The Danger of Trans Fats
Trans fats are unsaturated fatty acids with at least one double bond in the trans configuration. While small amounts of trans fats are naturally present in meats and dairy products from cows, sheep, and other ruminants, the great majority of trans fats in our diet are industrially-produced, contained in foods made with partially hydrogenated vegetable oils. Partial hydrogenation, which converts vegetable oils into semi-solid fats for use in margarines, commercial cooking, and manufacturing processes, converts approximately 30% of the natural fats to trans fats. In the US, consumption of trans fats averages between 2-4% of total energy, with major sources being deep fried fast foods, bakery products (cakes, cookies, muffins, pies, etc.), packaged snack foods, margarines, and breads.

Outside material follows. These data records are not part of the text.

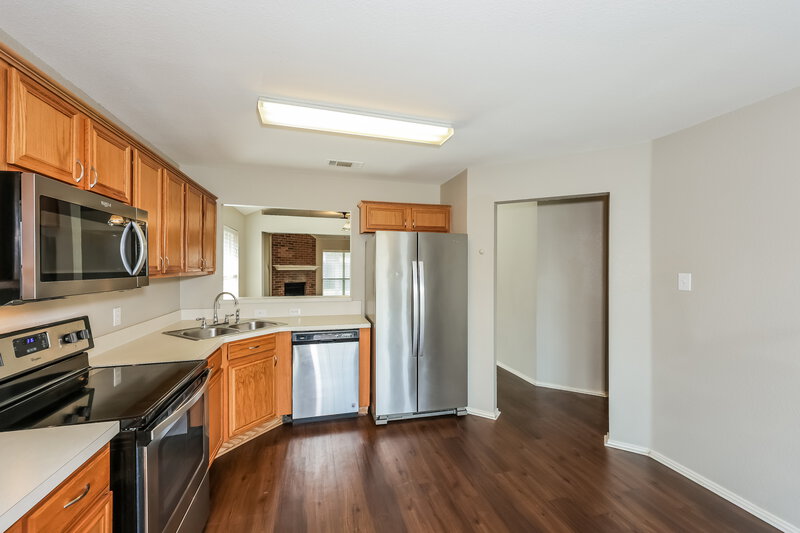 2,190/Mo, 209 Tulip Ln Cedar Hill, TX 75104 Kitchen View 3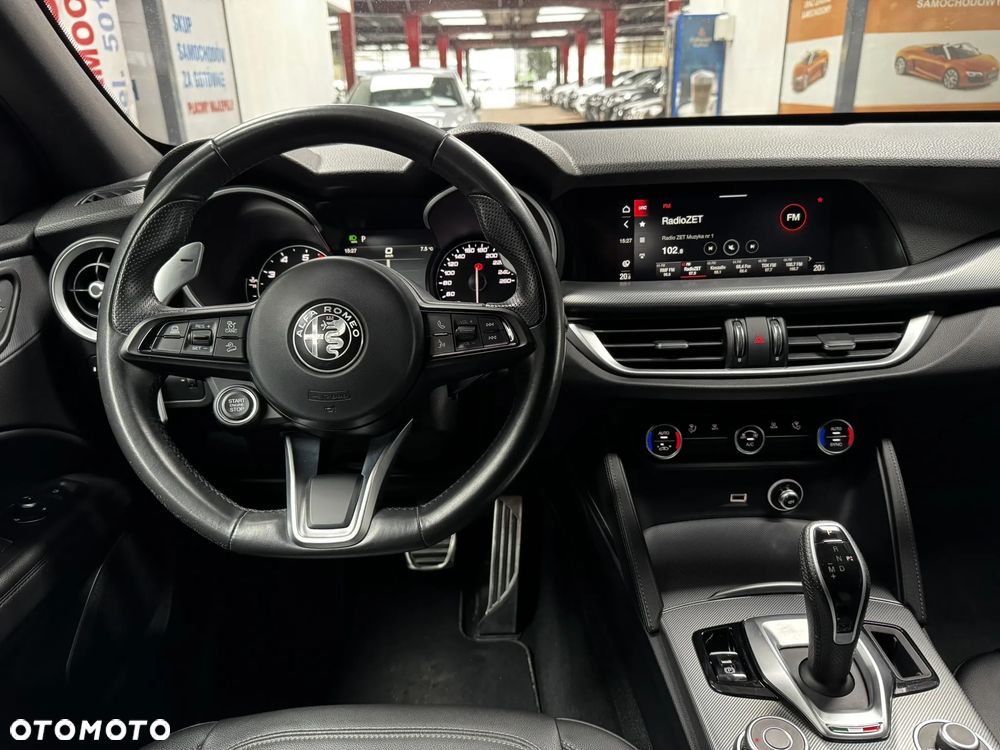 Alfa Romeo Stelvio 2.0 Turbo Sprint Q4 - 17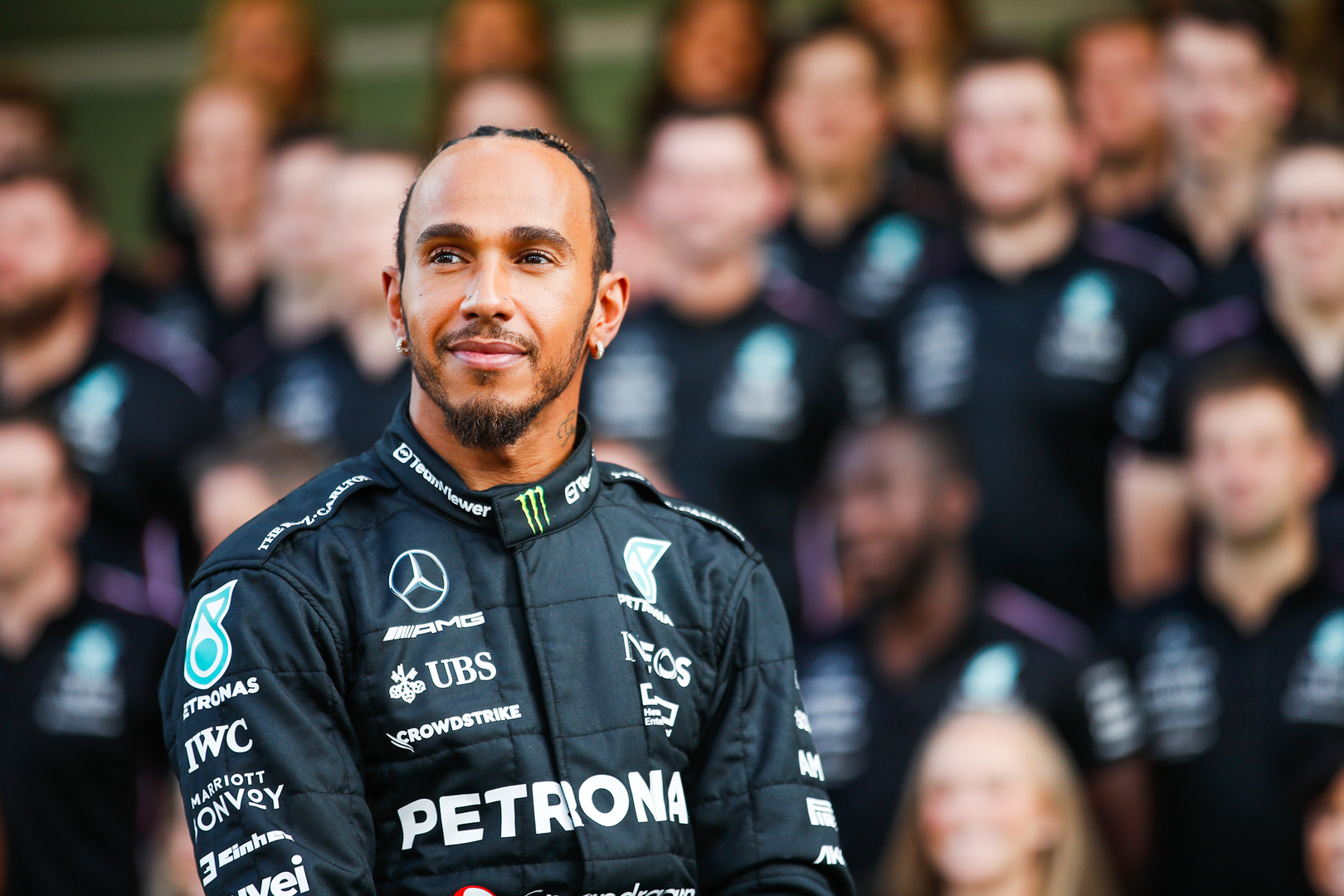 Lewis Hamilton dément avoir courtisé Red Bull pour 2024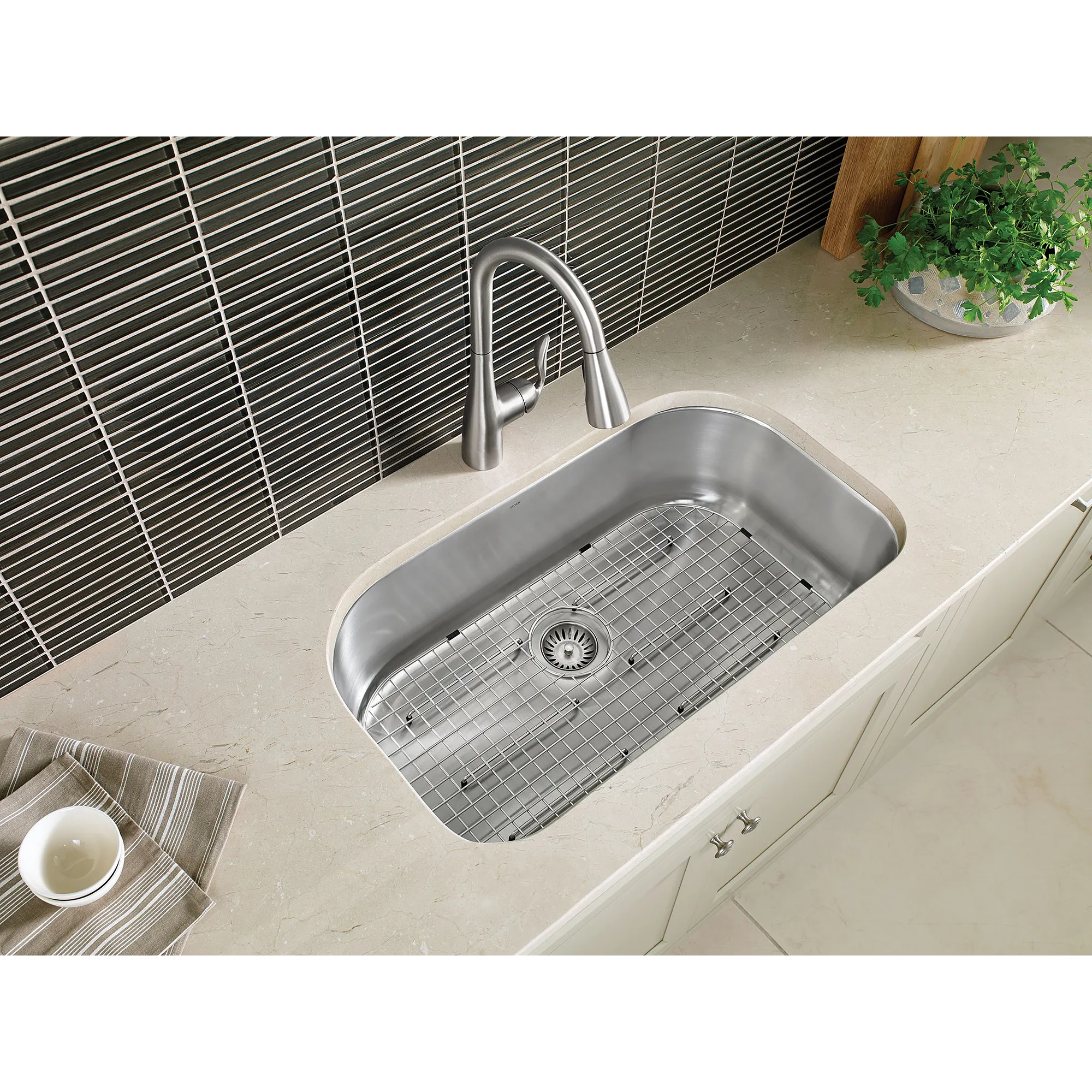 Notch Chrome One-Handle High Arc Pulldown Kitchen Faucet - Image 16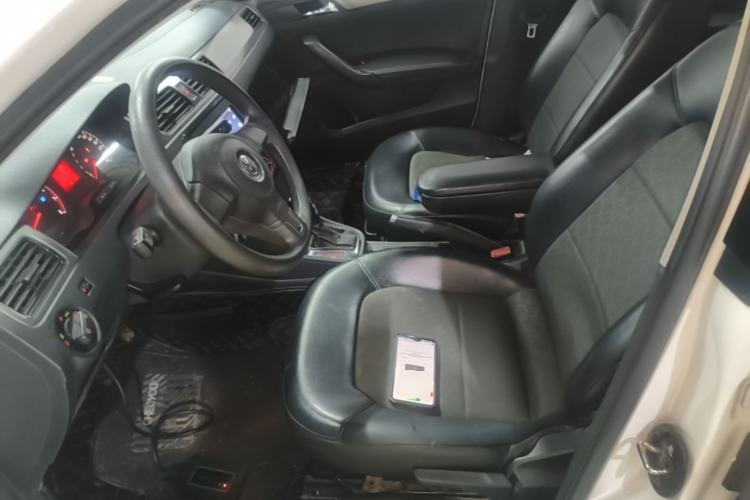Used Volkswagen Santana 2015 1.6L Automatic Comfort Edition Left Front Seat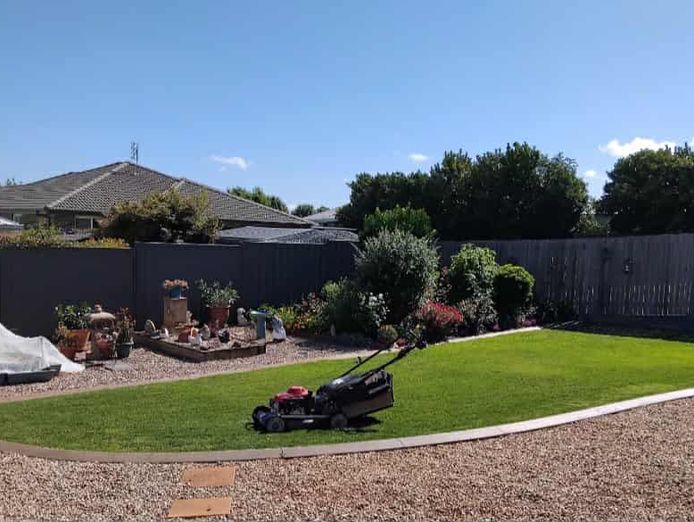 lawn-and-garden-care-business-1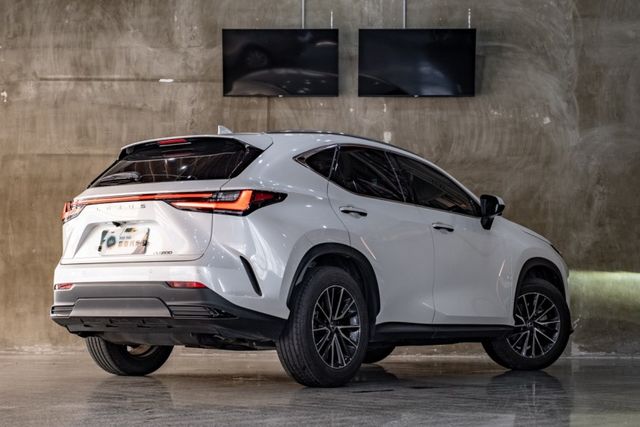 NX200 豪華版｜ACC/AEB/車道偏移等輔助駕駛｜原廠保固2027.8  第2張相片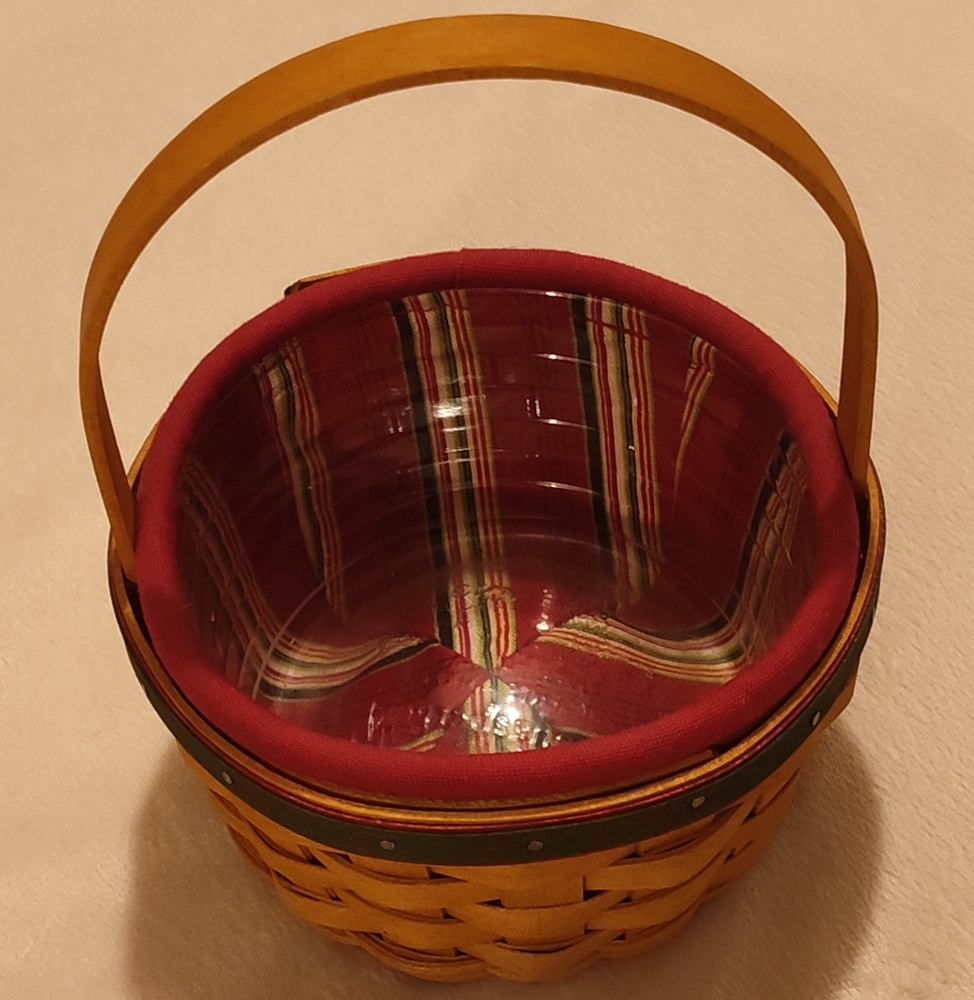 Longaberger 2005 Handled Basket w/ Plastic And Cloth Liner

Considerable evidence exists for harmful effects of trans fat intake. Furthermore, trans fats from partially hydrogenated oils have no intrinsic health value. Thus, little justification can be made for the use of partially hydrogenated oils, compared with other natural oils or fats. Importantly, adverse effects are seen at very low intakes: for example, 1-3% of total energy, or approximately 2-7 grams (20-60 calories) for a person consuming 2000 calories/day. Thus, complete or near-complete avoidance of industrial trans fats (≤0.5% of energy) may be necessary to avoid adverse effects and minimize health risks.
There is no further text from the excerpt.